# Connect: NIST Post-Quantum Cryptography Standards

**Module 08** | Real-World Connections

*The lattice problems you studied in this module are now the foundation of national cryptographic standards.*

## Introduction

In August 2024, NIST published three post-quantum cryptography standards:

- **FIPS 203 (ML-KEM):** Module-Lattice-Based Key Encapsulation Mechanism,
  based on the Kyber submission. This is the primary standard for
  post-quantum key exchange.

- **FIPS 204 (ML-DSA):** Module-Lattice-Based Digital Signature Algorithm,
  based on the Dilithium submission. This is the primary standard for
  post-quantum digital signatures.

- **FIPS 205 (SLH-DSA):** Stateless Hash-Based Digital Signature Algorithm,
  based on SPHINCS+. This is a hash-based backup that does not rely on
  lattice problems.

Both ML-KEM and ML-DSA are built on the **Module-LWE** problem over the
polynomial ring $R_q = \mathbb{Z}_q[x]/(x^{256} + 1)$ --- exactly the
structures you explored in notebooks 08d and 08e.

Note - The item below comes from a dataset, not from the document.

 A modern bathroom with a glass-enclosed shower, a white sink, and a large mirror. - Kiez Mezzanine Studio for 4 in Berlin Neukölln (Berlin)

This notebook traces how the abstract lattice concepts from Module 08
become the concrete algorithms standardized for worldwide use.

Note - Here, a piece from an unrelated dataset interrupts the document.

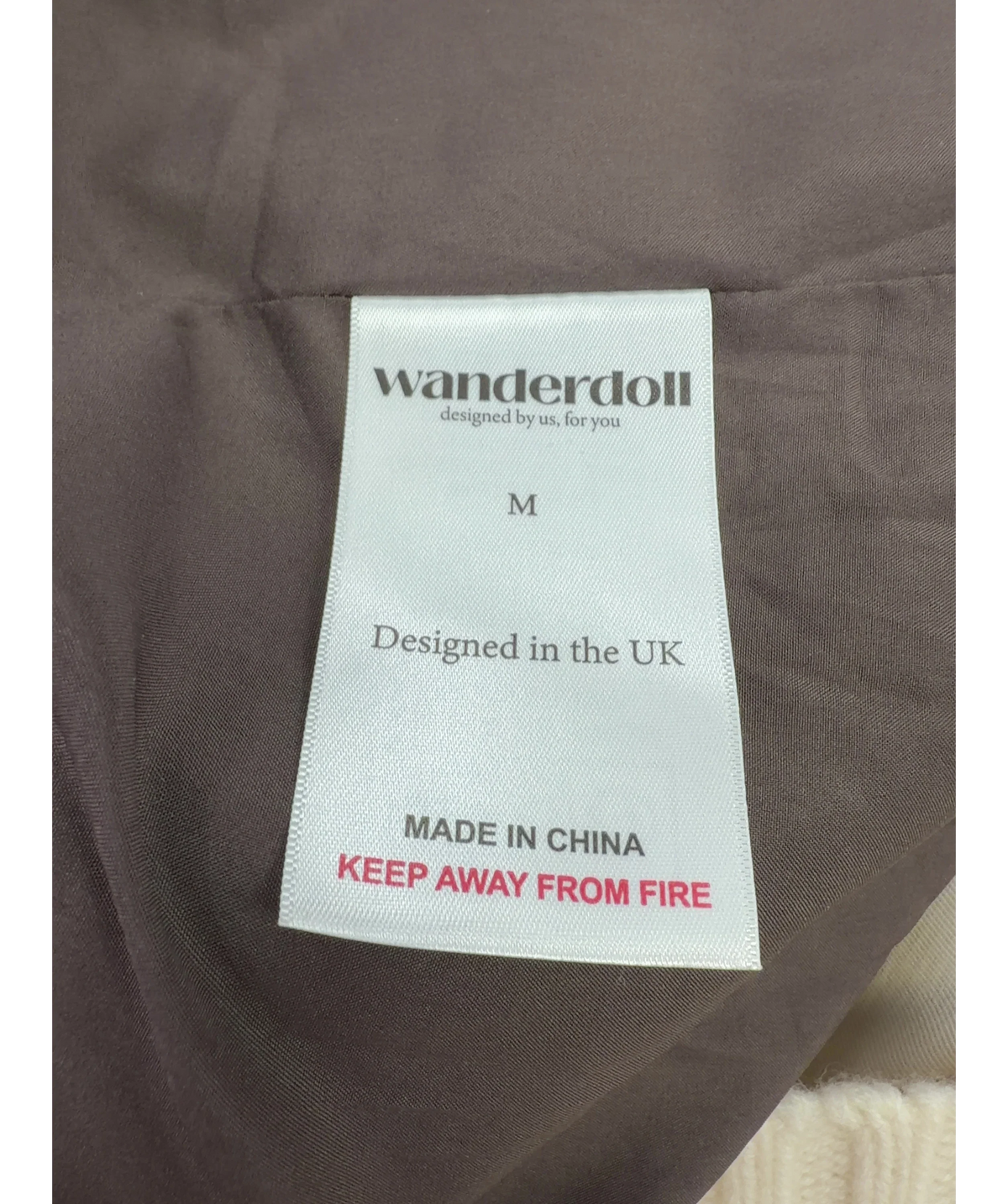 WANDERDOLL Brown Colour, size UK M — care label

## ML-KEM (Kyber): Ring-LWE for Key Encapsulation

ML-KEM uses **Module-LWE** over $R_q = \mathbb{Z}_{3329}[x]/(x^{256}+1)$.
The module rank $k$ determines the security level:

| Parameter Set | Module Rank $k$ | Effective Dimension | Security Level |
|---------------|-----------------|---------------------|----------------|
| ML-KEM-512    | 2               | 512                 | AES-128        |
| ML-KEM-768    | 3               | 768                 | AES-192        |
| ML-KEM-1024   | 4               | 1024                | AES-256        |

The core operations are:

1. **Key generation:** Sample small polynomials $\mathbf{s}, \mathbf{e} \in R_q^k$.
   The public key is $(A, \mathbf{t} = A\mathbf{s} + \mathbf{e})$ where $A$ is a
   $k \times k$ matrix of random polynomials in $R_q$.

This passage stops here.